Photodynamic therapy of glioblastoma cells using doped conjugated polymer nanoparticles: An in vitro comparative study based on redox status

Abstract

Due to their superb light absorption and photostability conjugated polymer nanoparticles are promising photosensitizers (PS) for their use in Photodynamic therapy (PDT). Recently, we developed metallated porphyrin-doped conjugated polymer nanoparticles (CPNs) for PDT that efficiently eliminate tumor cells through reactive oxygen species (ROS) mediated photoinduced damage of apoptotic nature. These nanoaggregates act as densely packed multi-chromophoric systems having exceptional light harvesting and (intra-particle) energy transfer capabilities which lead to efficient photosensitized formation of ROS. In general, three key components; light, PS, and oxygen; are considered in the prediction of the PDT outcome. However, recent studies led to the discovery of a profound genetic heterogeneity among glioblastoma (GBM) cells which include the adaptation to ROS. Thus, tumor heterogeneity and their associated difference in sensitivity to ROS-producing therapeutic agents must be considered in the design of PDT protocols for the prediction of its outcome. In this study, anticancer activity through ROS-mediated PDT using CPNs was compared in three GBM cell lines with different initial redox status. T98G cells were the most effective incorporating nanoparticles but also were the most resistant to CPN-PDT effect.

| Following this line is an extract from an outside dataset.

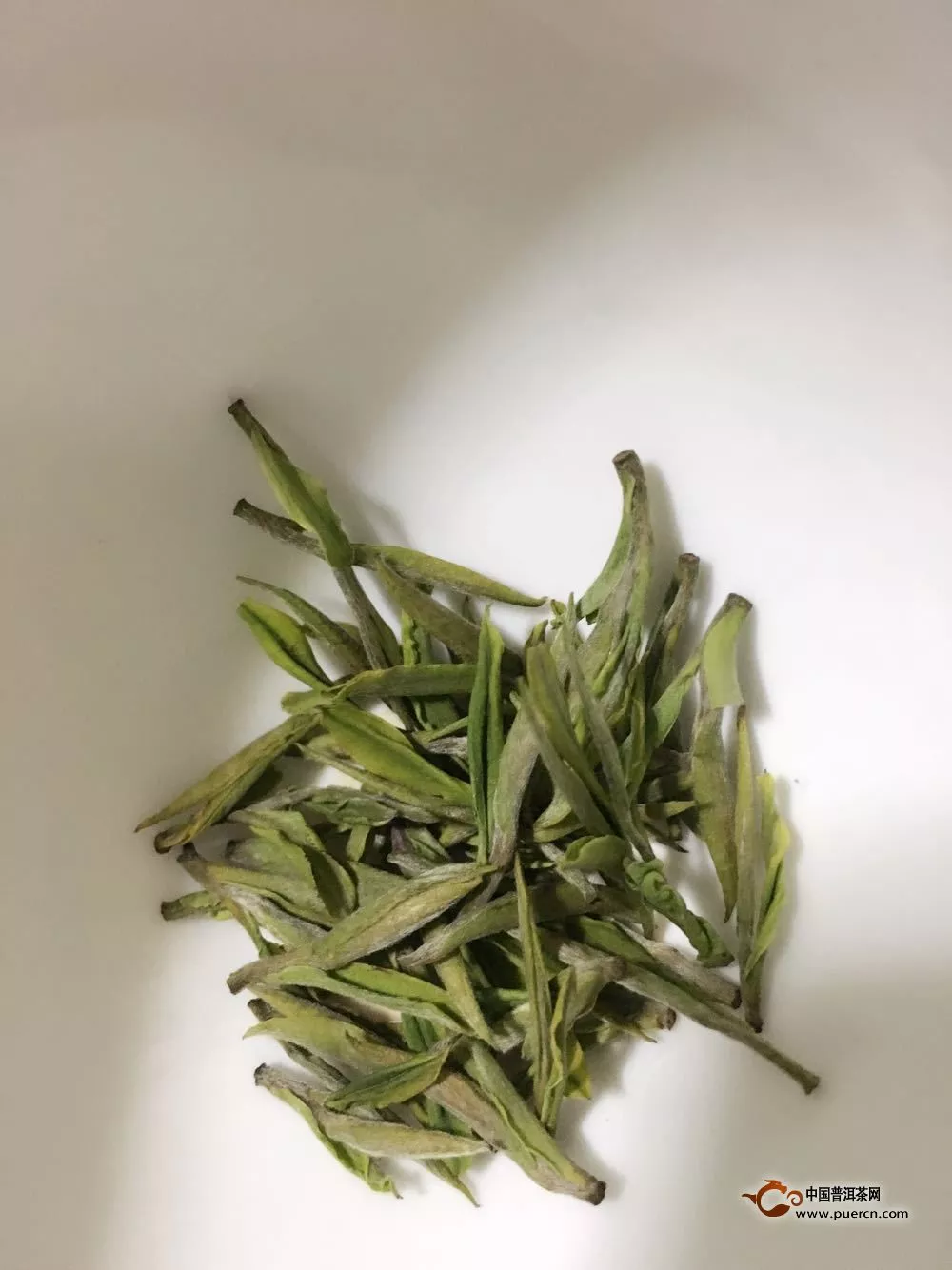 安吉白茶的品质特点是什么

In part, this feature could be attributed to the differential basal and PDT-induced antioxidant enzyme levels found in these cells measured by gene expression analysis. Furthermore, considering that cell-specific antioxidant enzyme status is a significant feature of GBM heterogeneity, establishing its correlation with CPN-PDT outcome might be important for designing novel and improved CPN-based treatments.